Data Engineer (Mid - Senior)

  • Umpisa Inc
  • Verified

Job Description

At Umpisa Inc., our mission is to make the Philippines be known globally as a tech hub. 

Umpisa Inc. is a progressive technology services company that partners with select industries, clients and people to work on pioneering and industry-changing solutions via digital transformation, modern software development and venture building.

We create a set of world-class and impactful products and solutions to help organizations and individuals live better lives. We offer demanding, challenging and rewarding careers in software development, product development, emerging technologies, and more for the right candidates.

Essential Skills:

  • Aligns with our values: Excellence, Integrity, Professionalism, People Success, Customer Success, Fun, Innovation and Diversity
  • Strong communication skills
  • Strong problem solving and analytical skills
  • Excellent problem-solving ability
  • Would like to work as part of a self-organizing Scrum team in a scaled agile framework
  • Must be a self-starter and loves to collaborate with the team and client

Job Summary

The Data Engineer will be responsible for designing, building, and maintaining the data architecture, pipelines, and systems that enable the efficient collection, processing, and storage of data across the organization.
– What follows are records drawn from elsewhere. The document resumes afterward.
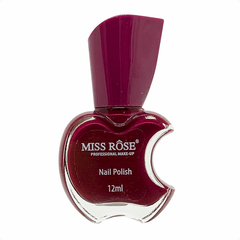 Esmalte Miss Rose A062
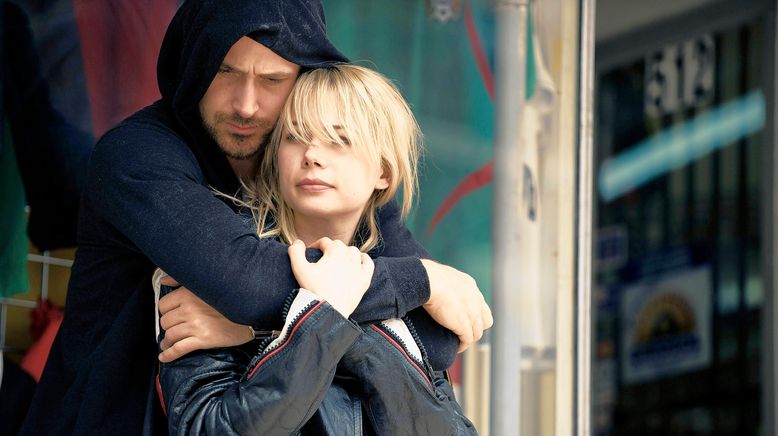 Blue Valentine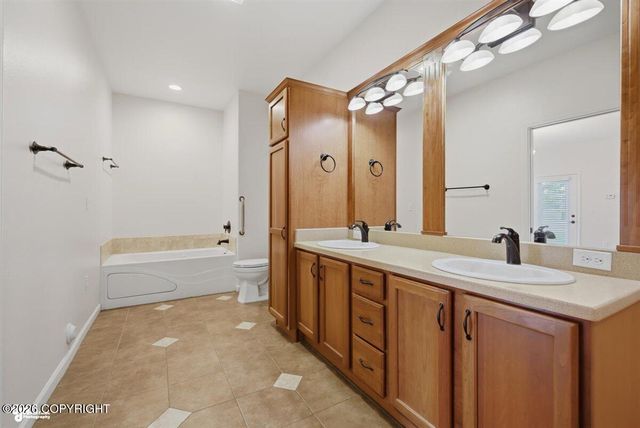210 W Goldenwood Street, Wasilla, AK 99645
You’ll work closely with data analysts and other technical teams to ensure that the data infrastructure is robust, scalable, and able to handle the increasing volume and complexity of data. The role will empower teams to leverage data for actionable insights and strategic decision-making.

Requirements

Key Responsibilities:

  • Data Pipeline Development: Design, build, and maintain scalable data pipelines for collecting, processing, and storing data from various internal and external sources.
  • Data Integration: Work with various data sources, including APIs, databases, and cloud services, to integrate and centralize data into a unified data warehouse or data lake.
  • ETL/ELT Processes: Develop and optimize ETL (Extract, Transform, Load) or ELT (Extract, Load, Transform) processes to ensure efficient and accurate data ingestion and transformation.
  • Data Warehousing & Architecture: Design and implement data architecture solutions to ensure data is structured, stored, and accessible for analysis. This includes the maintenance of relational and non-relational databases (e.g., SQL, NoSQL, data lakes).
  • Data Quality & Governance: Monitor and enforce data quality standards, data governance policies, and best practices for data security, privacy, and compliance.
  • Automation: Automate repetitive data processing tasks to ensure efficiency, scalability, and reliability in data workflows.
  • Collaboration: Work closely with data scientists, data analysts, and business intelligence teams to understand their data needs and ensure that data infrastructure supports their requirements.
  • Performance Optimization: Identify and implement optimizations to improve the performance of data systems, pipelines, and queries, ensuring timely and reliable access to data.
  • Documentation & Support: Maintain detailed documentation of data architecture, pipeline processes, and best practices to ensure knowledge sharing and system sustainability.
  • Monitoring & Troubleshooting: Monitor data systems and pipelines to proactively identify issues, perform debugging, and implement solutions to ensure system reliability.

Minimum Requirements:

  • Trustworthy, self-motivated, responsive and sharp
  • Strong listening, verbal, written and presentation communication skills are essential
  • Excellent attention to detail
  • Strong communication skills, organization skills, time management skills

Preferred Qualifications

  • Bachelor’s degree in Computer Science, Engineering, Data Science, or a related field. Master’s degree is a plus.
  • 3+ years of experience in data engineering or a related technical field.
  • Proficiency in programming languages such as Python, Java, or Scala.
  • Strong experience with data warehousing solutions (e.g., Amazon Redshift, Google BigQuery, Snowflake, or similar).
  • Expertise in building and managing ETL/ELT pipelines using tools like Apache Airflow, Apache Kafka, Talend, or similar.
  • Solid understanding of relational and NoSQL databases (e.g., MySQL, PostgreSQL, MongoDB, Cassandra, etc.).
  • Experience with cloud computing platforms (AWS, Google Cloud, Azure) and services like S3, Lambda, Dataflow, or Databricks.
  • Familiarity with containerization tools (e.g., Docker, Kubernetes) is a plus.
  • Experience with data modeling and schema design for large-scale data systems.
  • Knowledge of version control systems (e.g., Git).
  • Strong problem-solving skills with a focus on scalable, efficient data processing and storage.
  • Experience in optimizing database performance and query efficiency.
  • Ability to work effectively with both technical and non-technical teams.
  • Excellent written and verbal communication skills for documenting workflows and presenting complex concepts.
  • Familiarity with machine learning pipelines and frameworks (e.g., TensorFlow, PyTorch) is a plus.
  • Experience with real-time data processing systems (e.g., Apache Flink, Spark Streaming).
  • Knowledge of data privacy regulations (e.g., GDPR, CCPA) and implementing compliance measures.
  • Experience working in an Agile environment.